* Task: Return every line of the listing below, unchanged, from its first line to the line holding "Custom Made Scoop", that line included.

_____

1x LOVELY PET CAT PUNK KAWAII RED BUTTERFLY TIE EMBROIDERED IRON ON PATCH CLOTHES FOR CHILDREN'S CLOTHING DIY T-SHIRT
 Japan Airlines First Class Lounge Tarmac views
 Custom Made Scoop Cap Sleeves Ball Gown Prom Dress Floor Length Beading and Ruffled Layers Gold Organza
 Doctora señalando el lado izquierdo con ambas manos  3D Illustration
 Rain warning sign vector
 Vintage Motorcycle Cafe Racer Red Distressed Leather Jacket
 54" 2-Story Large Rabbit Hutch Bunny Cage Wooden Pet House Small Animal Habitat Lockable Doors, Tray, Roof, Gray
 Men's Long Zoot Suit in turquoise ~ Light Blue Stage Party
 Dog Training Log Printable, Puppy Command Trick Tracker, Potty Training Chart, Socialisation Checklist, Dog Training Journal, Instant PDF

_____

* Solution:
1x LOVELY PET CAT PUNK KAWAII RED BUTTERFLY TIE EMBROIDERED IRON ON PATCH CLOTHES FOR CHILDREN'S CLOTHING DIY T-SHIRT
 Japan Airlines First Class Lounge Tarmac views
 Custom Made Scoop Cap Sleeves Ball Gown Prom Dress Floor Length Beading and Ruffled Layers Gold Organza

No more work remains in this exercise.